Friday, June 20, 2008

Main-Menu Changes For OpenSuse 11.1

I read with interest this page concerning ideas and changes for the main-menu (slab) in GNOME. I have about 100 people deployed on it right now, and another 650 going live in the next 30 days. It's been in use for a while now, so it was cool to see that the development team is noticing a lot of the same things that I have.

I'm putting my comments inline with the items listed on the development ideas page. Some of the changes are going to make things harder for us (and very possibly other enterprise users).

To start with, there is how our main-menu looks with all of our software loaded. We have a lot of departments each with their own software packages. I'm positive this is way more applications than is being tested; but very probably is the amount that most bigger deployments will use.

In 1024x768 users are unable to get to the window manager handles on the bottom (marked in Red). The "Groups" have no scroll bar code; so it doesn't know what to do when you have so many software packages that it doesn't fit on the physical screen.

Here is the mockup that I found for the new main-menu:

I've marked in colors some areas of note:

(Red): I love the "Actions" section, however please allow me to remove the last 2 entries for the users. "Actions" and "Drag here to add to Favorites" should be aligned to the bottom and move down as entries are removed.

(Green): Scroll bars, please that activate only when you have enough "Groups". That total number will change as people move between resolutions. We have people that are logged into 1024x768 one day and then 1680x1050 the next. We also have mobile users logging in at 800x600 from their cars. When they come into the building they mostly use 1024x768.

(Blue): Filter. One interesting thing that I have noticed is that the users use the Filter to try and search for "Groups" along with applications.

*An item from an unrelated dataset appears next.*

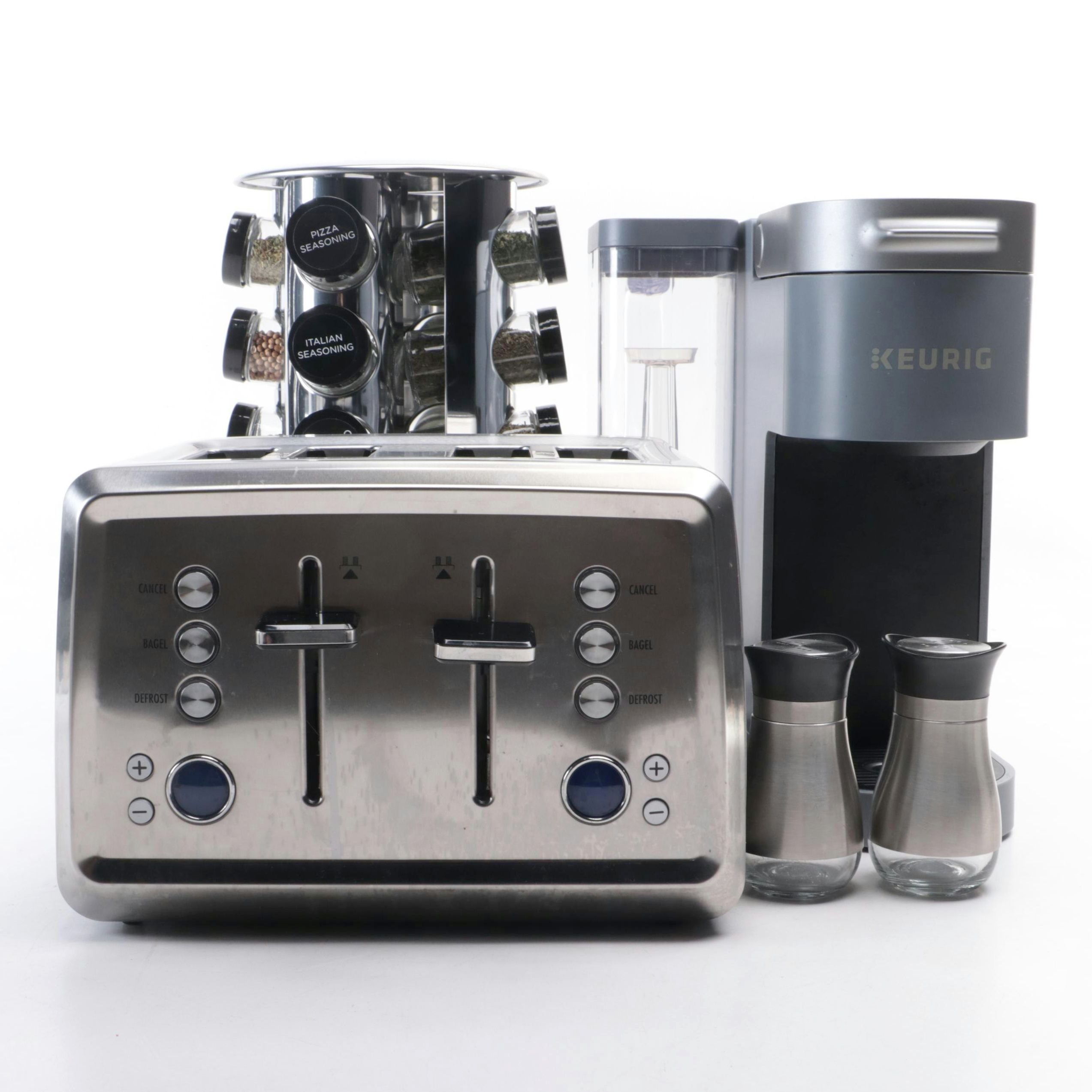 Keurig Coffee Maker, Hamilton Beach Toaster, Revolving Spice Rack, and More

This currently does not work. Right or wrong, they do it often as I look over their shoulder. One of my groups is "City - Skills Improvement" and possibly if you type in "Skills" or "Improvement" it should return all of the software contained in that Group.

So my comments now on the developers Wiki. The developer items are preceded with a carot.

> The main menu opens a second window to allow the user to launch applications not contained in the main menu.

I kind of like the second window. What I have found is that users are intimidated by lots of things on the screen. The work flow that I have seen is that they only go into the "Big Menu" a few times when they first log into the desktop. They place shortcuts on the gnome-panel, wallpaper(Desktop) or into Favorites and rarely go back into it. There are literally hundreds of software packages that they rarely or never use. It would be nice to allow a gconf setting determine whether you get a second window or not. I would use it.

> It's slow

Even with 100 people on, mine opens in 2-3 seconds even with this many software icons. What is really SLOW is when you add a .desktop file with 100 people logged into the same machine. The whole server comes to a crawl while all 100 people refresh their cache. Bug is filed here.

> It's not what the user expects

It's been well received by everyone that has seen it. It's much better than old style cascading menus. 99% of people have figured out to do [ Computer ] >> [ More Applications ] on their own. I don't think this is a weak area of design.

> People don't use the category-links or search-filter on the application-browser's left side, thus scroll a lot to find an application

True. Many people try and scroll through the list of software applications. The one bad thing that I saw in the mockup is that if the user fails to understand that clicking on different "Groups" shows more software applications they won't see that more exist. At least with the current design a scroll bar immediately shows you that many more software options can be found below. Not everyone understands the concepts of tabbed choices.

> People don't use right-click in the application-browser, so they never discover that they can add applications to their favorites, nor do they know that they can uninstall applications from within the application-browser

Very true. Right-mouse clicks should always be one method to do something in software, but not the only way. Many users *never* try the right mouse click. It should also be noted that some users log into GNOME via NX/Citrix from Macs which have sometimes only a single button mouse.

> Make richness of application-browser more obvious by use of icons/text ('Drag here to add to favorites')

Yes!. This will compliment the right-mouse method.

> Force users to find their applications faster by using tabs for categories and icons for sublevel-categories

See comments above. By hiding the scroll bar, some people will not understand that the tabs produce more options. Remember, that technology is used by people of various skills. We also have a lot of users that only log on for email and leave request entry for 10 minutes in the morning before starting their regular duties. Not all employees work on computers 8 hours of the day to tinker and try things.

It's always nice to see projects moving ahead. Hopefully my comments have given some food for thought.


Anonymous said...

It's really is a joke to call that monstrosity a 'menu'. It would probably have been easier just to turn the whole desktop background into one massive application launcher.

Dave Richards said...

anonymous: :) It does work better than the cascading menus. Cascading menus make it harder for users to find software. I appreciate that main-menu has made GNOME easier for low to medium skilled workers (which is most of them).